This tutorial and the sample source code explain data extraction from a PDF document or just the extraction of borderless tables from a PDF to CSV using the Document Parser functionality of PDF.co Web API. The source code will be used to convert a PDF table to CSV in Java. Users can also parse JPG and PNG documents to extract tables, barcodes, values, and fields from orders, invoices, statements, and other PDF documents.

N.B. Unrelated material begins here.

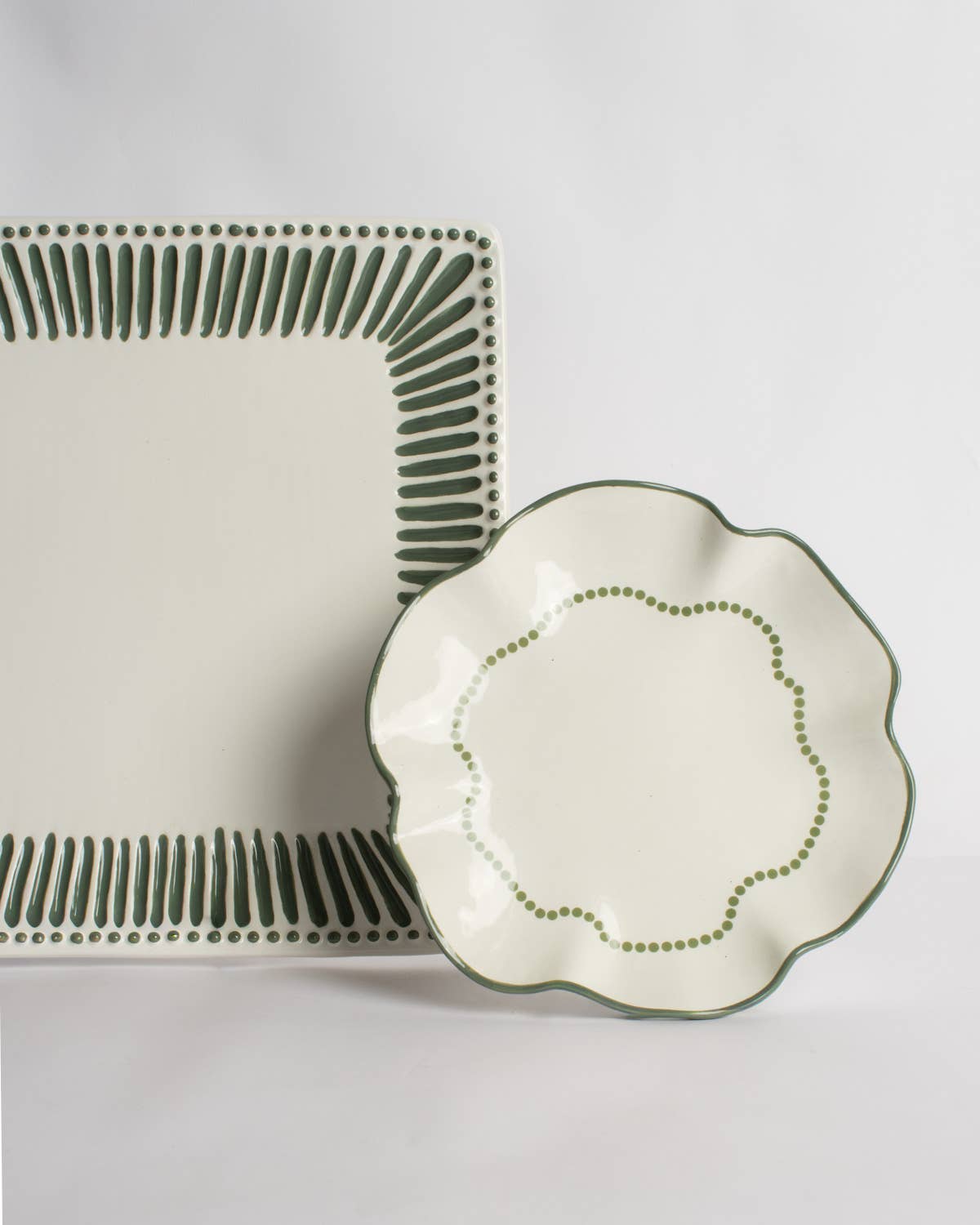 Evelyn Plate White/Green 8"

Features of Document Parser API Endpoint

The PDF.co Web API provides tools and functionalities to convert any PDF document or scanned image to CSV, XML, and JSON. The API uses the technique of automatic classification of incoming documents. The users can utilize the document classifier endpoint to automatically sort and detect the document’s class based on their custom keywords-based rules or the AI.

The built-in document parser templates help parse the invoices in English to their invoice id, dates, tax, total, and other items. The users can utilize the templateId parameter to select their required template.

The PDF.co Web API provides a secure platform for users to upload sensitive information. The platform transmits user data via encrypted connections to ensure security. The users can go through the security protocols in detail here.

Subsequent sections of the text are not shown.